From left: Andre Bell, Michael McPherson, Youlonda Copeland-Morgan, and Dallas Martin
A Panel Discussion with Youlonda Copeland-Morgan, associate vice president of Admission and Financial Aid at Harvey Mudd College; Dallas Martin, president of the National Association of Financial Aid Administrators; and Michael McPherson, president of the Spencer Foundation; moderated by Andre Bell, vice president of College and University Enrollment Solutions at the College Board
On the evening of Saturday, October 30th, following a screening of a documentary on the history of the College Scholarship Service, "Breaking Down Barriers, Renewing our Commitment: Celebrating the 50th Anniversary of CSS," the College Board's Andre Bell recognized the 50 men and women who had recently been inducted into the College Scholarship Service Hall of Fame.

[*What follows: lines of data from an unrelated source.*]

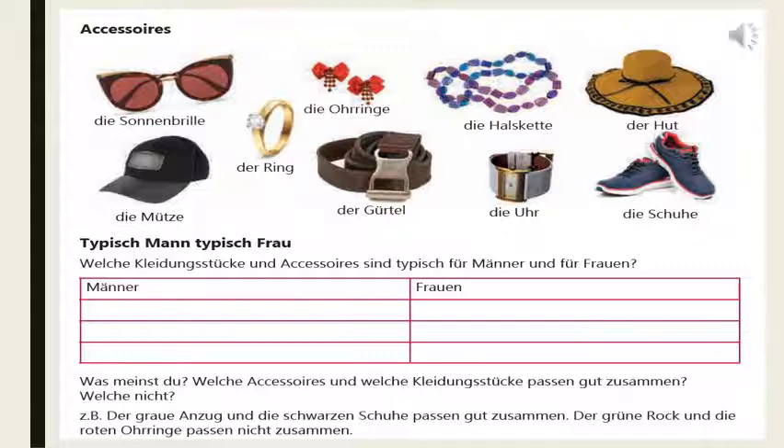For example: Der graue Anzug und die schwarzen Schuhe passen gut zusammen — passen means suit or match with each other. The grey suit and the black shoes are matching with each other. Der grüne Rock und die roten Ohrringe passen nicht zusammen — the green skirt and the red earrings don't match with each other.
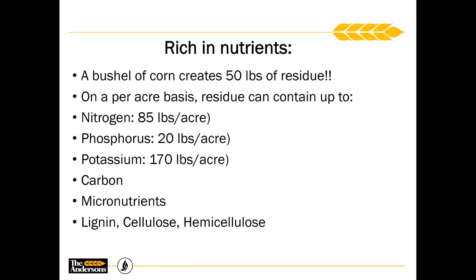In every bushel of corn, we produce about 50 pounds of residue. We're not growing 100-bushel corn anymore — we're pushing toward 200 bushels. The harder we push our crop through our inputs, the more residue we're going to have to deal with, and the more nutrients that get tied up in that residue. On a per-acre basis, you might have about half your applied nitrogen sitting out there in that residue, along with phosphorus, potassium, and carbon.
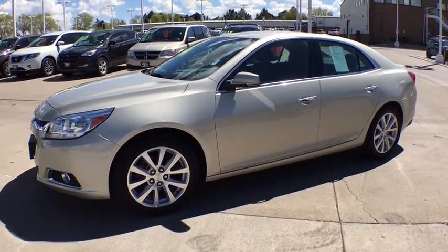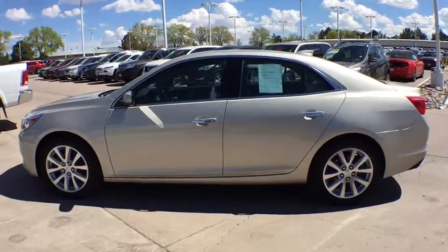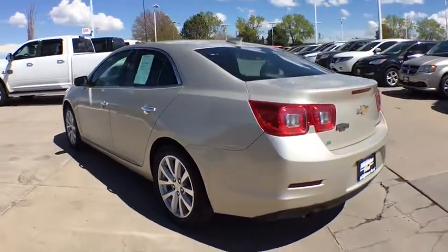The 2015 Chevrolet Malibu — a combination of performance and fuel economy. The Malibu is a great commuting car. This vehicle has less than 45,000 miles. Here are some of this vehicle's great options.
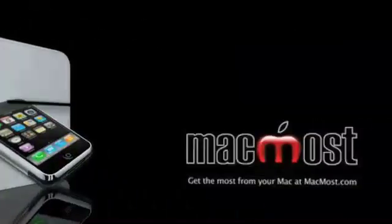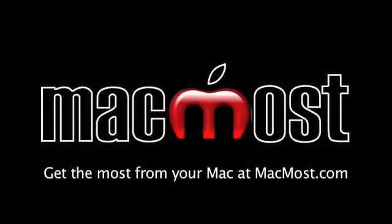Hi, this is Gary with MacMost Now. On today's Macworld Expo Special, let's take a look at Notebook 3.0. There are a lot of different programs out there that allow you to take notes on your Mac, but Notebook from Circus Ponies really seems to be the one that has tons and tons of features. It's got all sorts of interesting things like being able to bring photos and video in, even being able to synchronize audio with the notes that you're taking. I talked to Jason from Circus Ponies about it.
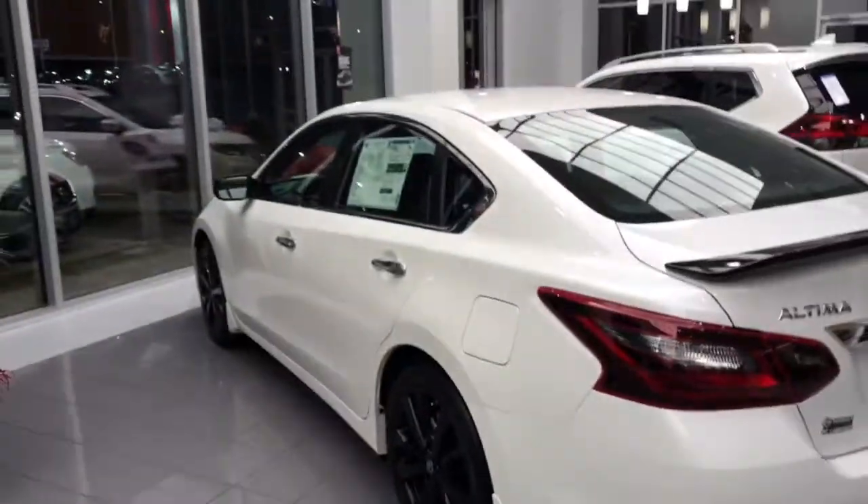Hey Robin, this is Ryan over at Nissan LaGrange, good talking with you. I wanted to show you this Altima.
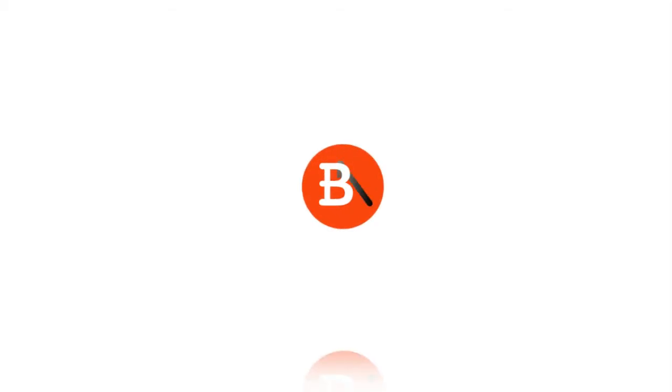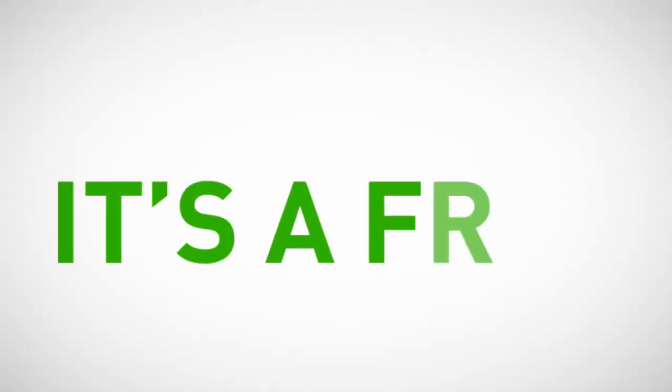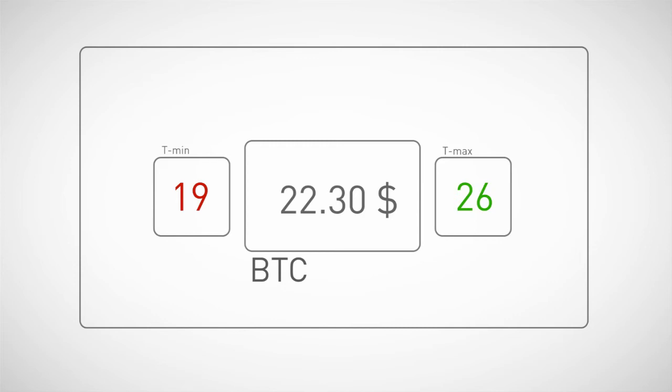Welcome to Bitalert.org. I'm going to show you what it is and how it works. Bitalert is a free Bitcoin price tracking application. Here you can see the current price and set two thresholds in order to monitor real-time variations.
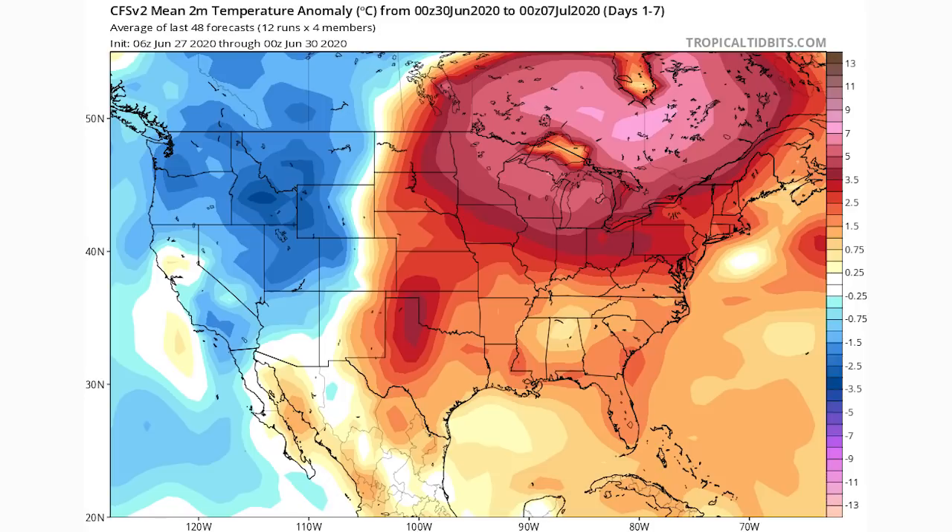Now let's look at the same increments in temperature anomalies. Here is our first week, and as you can see, well above normal conditions for the eastern United States and below normal for the west. The most above-normal conditions are for the upper midwest, the Great Lakes, the New England states, and even the Ohio Valley. Those pink and magenta colors represent five to nine degrees Celsius above average — which is huge for a seven-day period — well above normal.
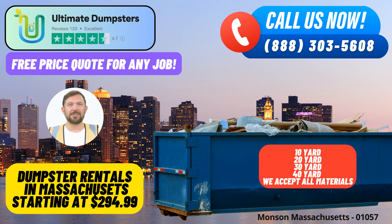A 30-yard dumpster is approximately 22 feet long, 8 feet wide, and 6 feet high, making it perfect for construction projects, large cleanouts, and yard waste removal. Our 40-yard dumpster is the largest, with dimensions of around 22 feet long, 8 feet wide, and 8 feet high. It's suitable for major construction jobs and demolition debris disposal.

He then welcomed the audience to a plenary session about "the past, the present, and the future of student assistance and access to higher education."
Bell opened the discussion by asking Youlonda Copeland-Morgan if "we, as a nation, have ensured that all students who are prepared to go to college--and desire to do so--can?"
Copeland-Morgan began by recognizing the progress that has been made by U.S. institutions in opening the doors of educational opportunity. "That's something we can all be very proud of," she said, "but when I look at students and parents today, I think that that opportunity is being threatened. Our most talented low income students are going to college at the same rate as our least qualified high income students."
Copeland-Morgan also expressed concern that students were working harder to meet the costs of college and focusing less on their work, compounding the growing problem that many colleges and universities are having with retention.
Dr. Dallas Martin agreed. He noted that demographics indicated that there would soon be as much as a 15 percent increase in enrollment in higher education, and that the majority of those students are going to come from low income and single parent families. "They're going to come with greater financial need than ever before," he noted.
Martin described how federal financial aid funds are increasingly going to loans, and tax subsidies and deductions, which primarily benefit middle class and wealthy families. If the "No Child Left Behind" legislation is successful, Martin continued, and more students finish high school prepared for college, than institutions must be ready for them. "We're raising standards and we're raising hopes, and I wonder what we're going to have for these students when they graduate," he said.
Mike McPherson noted that CSS has always been a framework in which colleges, families, and the government came together to meet the needs of paying for college. "There was a sense of everybody working for a common cause," said McPherson. "And recently people have been backing away from that."
Copeland-Morgan agreed and said that CSS still had a role as a leader in advocating for the idea that "need-based aid underpins the financial aid system." Part of the 50th anniversary celebration, she added, was an outreach program designed to inform the wider educational community about the importance of need-based aid.
McPherson explained that one solution might be federal leadership that would bring the focus back to the needs of students who can't pay, and away from merit-based programs that tend to reward higher income students. "We have to work hard to spend our existing resources well," he said.
Copeland-Morgan agreed, noting that financial aid dollars should not go to the students who would be able to afford college without aid, but rather to those students who could not attend college without funding. Difficult choices would have to be made by institutions and by families.
"A lot of people say it's all about the money and the problem is money," said Copeland-Morgan. "But the problem is our collective will and our commitment. How committed are we to ensuring that these limited resources are really going to those students who need them the most? We can't escape that. We have to make the hard decisions."
She went on to call for a national campaign for financial aid awareness, so that students would know from a very early age that funds were available to help them pay for college.
McPherson pointed out that it was important that families prepare both academically and financially for college. Students need to make crucial decisions in the eighth or ninth grade about the classes they take in high school, and their parents need to prepare financially for college as well. "If you think you can pay, you're more likely to prepare," he said.